Morto senza successori legittimi il Saba, l’incontrada di Oppia ritornò alla Corona, e il re Don Giovanni, volendo remunerare Don Giovanni di Villamarì, gli faceva dono in libero allodio della medesima con la Planargia e la città di Bosa per diploma del 24 dicembre 1479.

A Don Giovanni successe suo cugino Bernardo di Villamarì, Conte di Capudan, e in suo testamento del 16 settembre 1512 lasciava la città e la Planargia di Bosa a sua figlia Isabella, la curatoria d’Oppia all’altra figlia Anna, sostituendo una all’altra. Essendo morta Anna succedette la sorella Isabella, moglie del Principe di Salerno, e il 27 aprile 1547 vendette l’incontrada di Oppia ad Antioco Virde. Ad Antioco sottentrava il figlio Giovanni Virde, il quale avendo presa in moglie Catterina Pilo ne ebbe due sole figlie: Elena e Catterina. La prima, a cui venne dato il feudo come primogenita, era maritata ad Andrea, l’altra a Giacomo, fratelli Manca Cedrelles.

Mancati senza prole Elena ed Andrea furono possessori del feudo Catterina e Giacomo, al quale succedette Andrea che sposava in prime nozze Donna Maria de Ledda, figlia di Don Geronimo, signore allora defunto di Castavalle, e di Donna Isabella Carrillo, come dai capitoli matrimoniali rogati in Sassari nel 1603, e ne aveva un figlio Don Giacomo e una figlia, Donna Geronima; sposava in seconde nozze Donna Angela Giacaraccio e ne aveva due figlie: Donna Angela e Donna Caterina. Andrea nel suo testamento si intitolò Conte, dicendosi il primo a portare questo titolo. Il figlio Don Giacomo prese il titolo di marchese e sposò Donna Giovanna Moras di Molino; in seconde nozze Donna Catterina Ledda, da cui ebbe Donna Maria (moglie del Conte di Villamar Don Salvatore Aymerich) e Donna Giovanna (sposata a Gio.Battista Tola); in terze nozze con Donna Lucia Gaia, dalla quale gli nacquero Don Antonio, Donna Giuseppa, Donna Geromina e Donna Mariangela.
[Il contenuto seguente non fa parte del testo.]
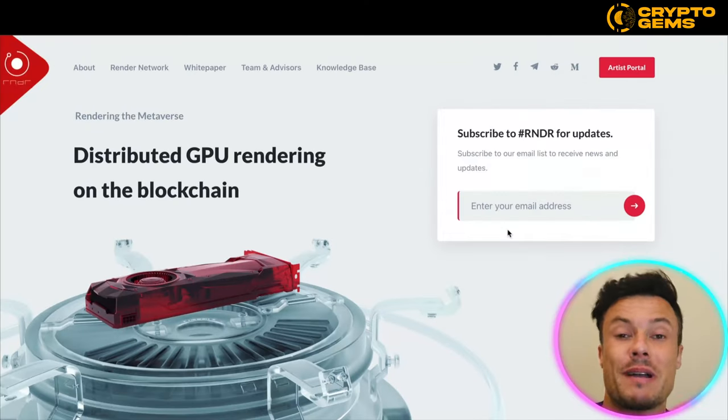Hello guys and welcome back to the channel. In today's video we're going to take a look at Render Token, which is hoping to make use of spare GPU capacity in order to improve rendering services and much more. Obviously nothing I talk about on this channel is financial advice — always go away and do your own research before investing any of your own money. Without further ado, let's jump into today's video.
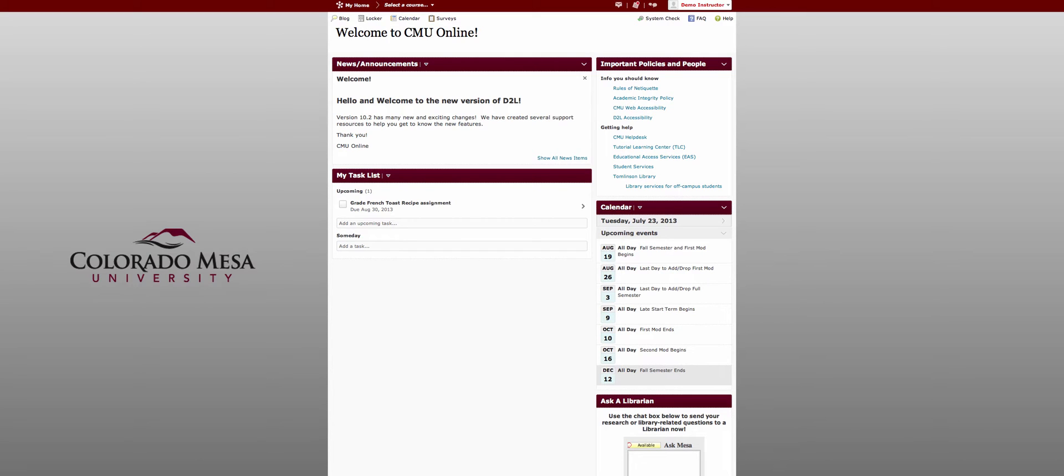Welcome to the new version of D2L. In this video we'll give you a preview of what's new in version 10.2.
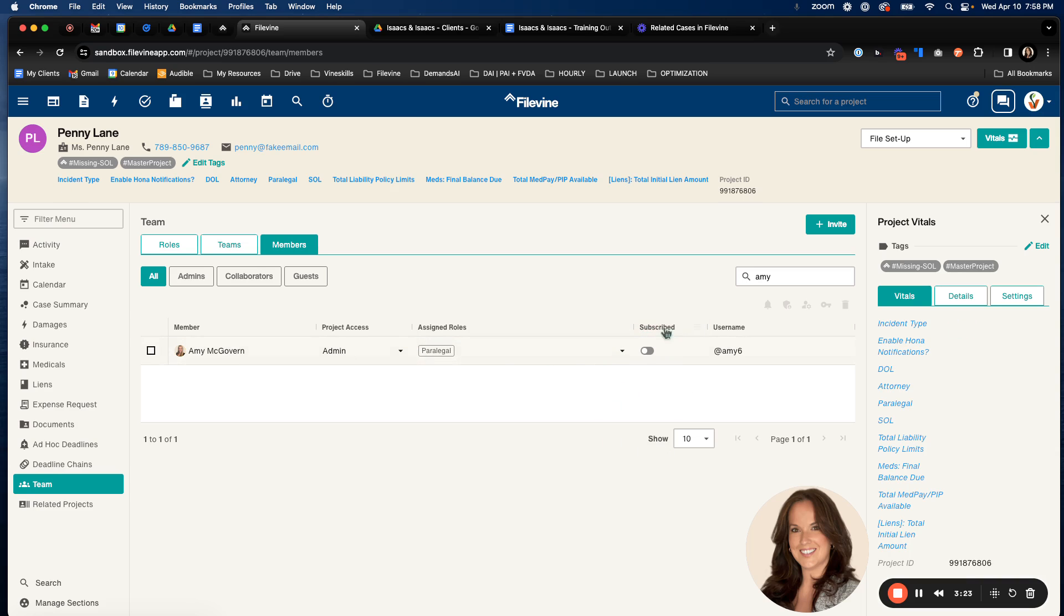Next to the assigned roles, we'll see subscribed. So subscribed is whether or not this member, this team member is going to receive notifications on this project. If you're subscribed, you'll get all notifications on the project, deadline notifications, events that are coming up, stuff like that. And then finally, you'll see their username here.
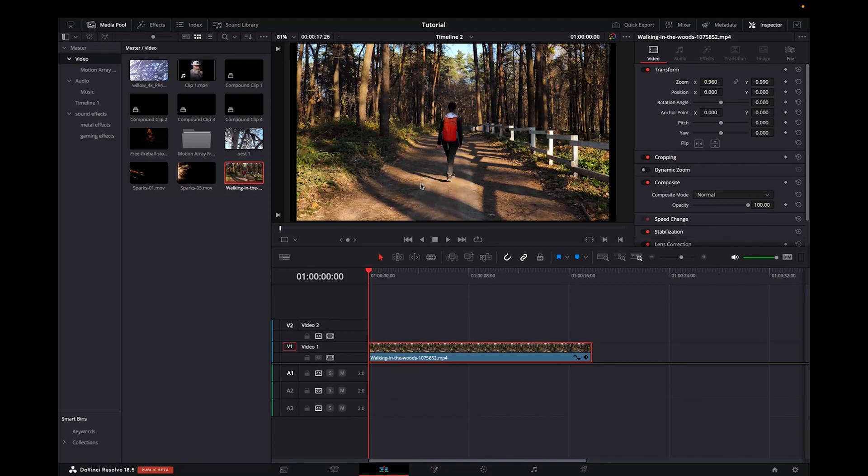Welcome back to 8482 Media. Today I have a quick one for you guys on how to resize clips and images on DaVinci Resolve 18.5.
Don Antonio Manca subentrò nel feudo, e da Donna Giuseppa Carnicer ebbe tre figli: Don Giacomo, Don Giuseppe e Donna Francesca. Morì in Sassari nei primi di dicembre del 1728. Fu suo successore Don Giacomo che sposò Donna Stefania Pilo e fu padre di Don Stefano Manca, a sua volta investito del feudo di Montemaggiore con sentenza del 6 agosto 1727.